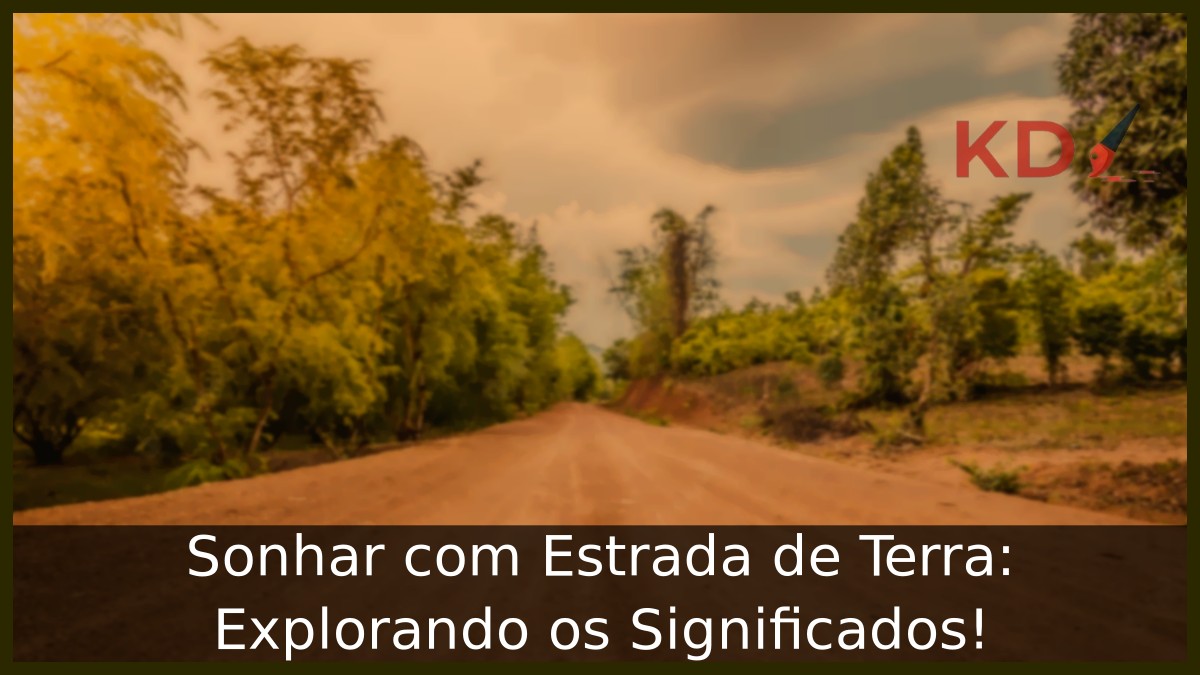 Sonhar com Estrada de Terra: Explorando os Significados!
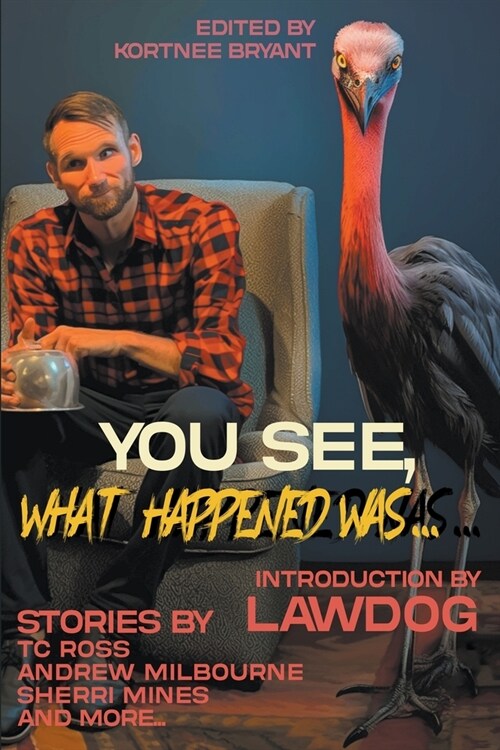 You See, What Happened Was... (Paperback)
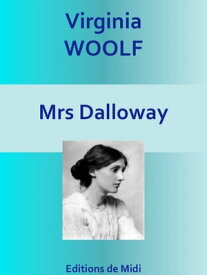 Mrs Dalloway Edition Int?grale【電子書籍】[ WOOLF VIRGINIA ]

********

WHAT IS BEING ASKED. Without any of its pictures, the listing is to be repeated exactly as it stands.

ANSWER SECTION.
 Sonhar com Estrada de Terra: Explorando os Significados!
 You See, What Happened Was... (Paperback)
 Mrs Dalloway Edition Int?grale【電子書籍】[ WOOLF VIRGINIA ]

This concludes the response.